Так что мифологические экскурсы и теоретические подпорки плохо держат замысел романа. Иное дело достоинства текста — той самой художественной ткани, которая более всего ответственна за утверждение истины, составляющей содержание произведения. В этой части Николай Григорьевич Никонов явил вершинное мастерство. Текст перед вами, и я не вижу необходимости делать из него выписки (тем более что короткими цитатами в этом случае невозможно было бы обойтись), чтобы показать, как здорово он умеет дать двумя-тремя беглыми штрихами выразительный портрет; как тонко он умеет передать переливы настроения: к примеру, во всепоглощающем всплеске счастья — нарастающую горечь смертной тоски; как убедительно, в конце концов, он рисует эротические сцены, до этой поры так мало освоенные литературой: серьезные художники касались этой сферы едва-едва, памятуя о нравственных запретах, а ремесленники, спекулирующие на эротике, оставляли на них омерзительные следы своих засаленных пальцев.
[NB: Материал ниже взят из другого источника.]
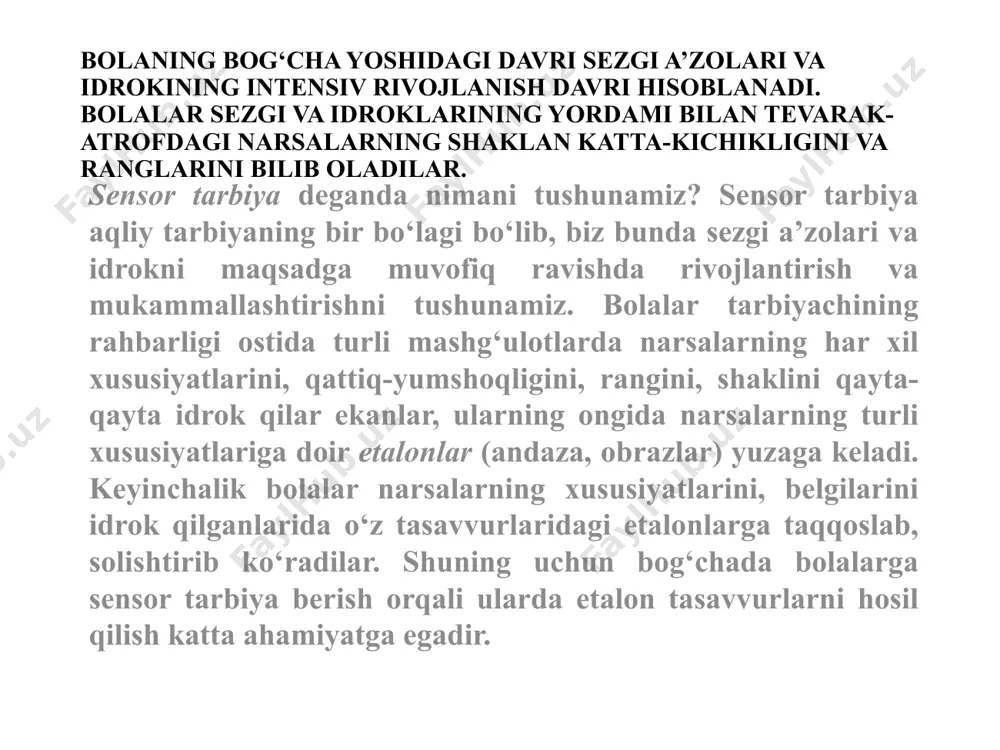 atlanadigan bo‘ladilar. bolaning ko‘rish sezgisi bog‘cha yoshigacha bo‘lgan davrda juda tez takomillashadi. shuning uchun bolaning ko‘zi katta yoshdagi odamlar ko‘ziga nisbatan uzoqni ko‘ra oladi. agarda bolaning ko‘zi biron kasallikka uchramay, normal va sog‘lom taraqqiy etsa, ko‘rish o‘tkirligi katta yosh­dagi odamlarnikiga nisbatan ikki-uch barobar ortiq bo‘ladi.bog‘cha yoshidagi bolalar sezgisini o‘stirishda tarbiyachi­ning roli juda kattadir. tarbiyachi turli qiziqarli mashg‘ulotlar orqali bolalar sezgi a’zolarining sezgirlik darajasini o‘stirishga yordam berishi kerak. masalan, bolalarda uzoqdagi narsalarning farqini ajrata olish sezgirligini takomillashtirish uchuma’lum uzoqlikka qo‘yib, farqini ajrata olish o‘yinini o‘tkazish mumkin. bunda bolalarning ko‘rish sezgirliklari darajasiga qarab, kubiklar qo‘yilgan masofalarni n rangli va har xil kattalikdagi qutichalar yo­ki kubiklarni ayrim bolalarga nisbatan uzoqlashtirish va boshqa bolalarga nisbatan esa yaqinlashtirish mumkin. bolalar yorqin (juda yaltiroq) ranglarni yoqtiradilar. yorqin ranglar ularga qandaydir zavq bag‘ishlaydi.bola ranglarni hali bir-biridan yaxshi farqlay olmaydi. unga ranglarning farqini bilishga yordam qiladigan o‘yinchoqlar berish lozim. bolalar rasmli kitobchalar va o‘yinchoqlar bilan shug‘ullanganlarida ularni ko‘zlariga …
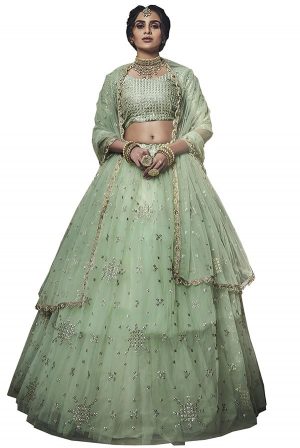 Sea Green Embroidered Soft Net Wedding & Party Wear Semi Stitched Lehenga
И читая роман как притчу о художнике, которого разлучили с жизнью, я был бы готов поверить в постулаты «биологической философии» Никонова, если бы страница за страницей не нарастало пресыщение. И уже не «ханжеское» (одно из ключевых слов никоновской философии) умозрение, а здоровое нравственное чувство противилось психологическому нажиму: невозможно, чтобы жизнь талантливого человека вот так полно, даже через край, была погружена в область необузданных эротических фантазий и переживаний! Не верю! И невозможно, чтобы искусство живописи было так фатально «зациклено» на женщине, даже и не столько на обнаженной натуре, сколько на эротике. Не верю! Нормальный творческий инстинкт художника-реалиста (не провозвестника проблематичного «реализма высшего порядка», а продолжателя отечественных реалистических традиций) помогает Никонову найти убедительное сюжетное решение: «изголодавшийся» в десятилетнем заключении зэк (причем в том самом возрасте, когда сама физиология требует!) действительно может непоправимо свихнуться на эротике. Собственно, так и прочитывается история Александра Рассохина; в этом плане она оказывается художественно убедительной. И, как всегда у Никонова, поразительно богата панорама жизни большого советского города, культурного центра, в 50—80-е годы. Тем роман интересен, тем он оправдывает свое значительное место в никоновском литературном наследии.
А вот что касается «биологической философии» — я думаю, я надеюсь, что у нее найдется немного поклонников. Но познакомиться с ней любопытно хотя бы потому, что она многое объясняет в творческой судьбе крупнейшего уральского писателя.